Although ORNL and NovaCentrix have just stepped into the photonic curing spotlight, the technology actually got started with a company called Vortec Technologies out of Canada. Vortec had already been using the plasma arc lamp technology for silicon wafer processing, but understood that the technology could be used to additional ends, which is what led them to ORNL

Initially, ORNL researchers explored applications such as sintering and direct sheet fabrications, but they quickly realized that this only took advantage of the lamps' high intensity, disregarding the impressive speed at which it can turn completely on and off.

As a result, the PTP development team focused on applications such as flexible electronics, where the lamps' speed and intensity would allow it to rapidly heat one part of a circuit while leaving everything but the superficial surface undisturbed. So even in the case of a fairly thin material (like a millimeter of plastic used for a flexible circuit), the majority of that material would never see a significant temperature rise.

“With flexible circuitry, you have nanoparticle silver or copper-based ink that you can print at low temperatures just using your desktop Epson inkjet printer,” Duty explained. “You can print that out on paper or plastic and then flash the paper (even with printed circuitry on it) to melt metal right on top of the paper or plastic without harming the paper or plastic at all."

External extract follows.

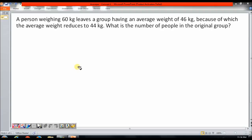There is a group which had a certain number of people and the average weight of the group was 46 kg. Now, one of the people from the group weighing 60 kg left the group, because of which the average weight of the group reduces to 44 kg. The question is, what was the number of people in the original group?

This is essential in applications such as thin-film solar cells, where the actual semiconductor deposited onto the millimeter-thick piece of plastic is only a micron or two thick. But in order for the semiconductor to achieve the correct crystalline structure, it must be heated to several hundred degrees Celcius—a temperature that plastic backing cannot withstand. With PTP, however, the semiconductor can be heated 700 degrees while the bulk of the substrate wouldn't see so much as a 25 degree temperature change.

In fact, Duty even remarked that if the plastic substrate were being held in someone's hand when the lamp was turned on, they wouldn't feel the temperature rise. When asked if this had been tested, he laughed and said no. “While it may be possible, it's not smart.”

Once this application had spent time in development, ORNL began working with NovaCentric on a conveyer belt-based system for PTP that can be adopted by electronics manufacturers. From there, the technology should play an even greater role in the manufacturing of flexible circuits used for LCDs, cell phones, keyboards, and even satellites.

Moving forward, the relationship between ORNL and NovaCentric should play an ongoing role in fine-tuning this technology for various commercial applications. For example if a solar cell manufacturer is looking to find the most effective way to use PTP in its production process, ORNL is prepared to work with them to refine the PTP system to meet their needs. From there NovaCentric would step in to manufacture the tools the company developed at Oak Ridge.

Whether other partnerships will collaborate to bridge these sorts of gaps in other fields has yet to be seen, but if ORNL's enthusiasm is any indicator, relationships such as these may be cropping with up more regularity in the future.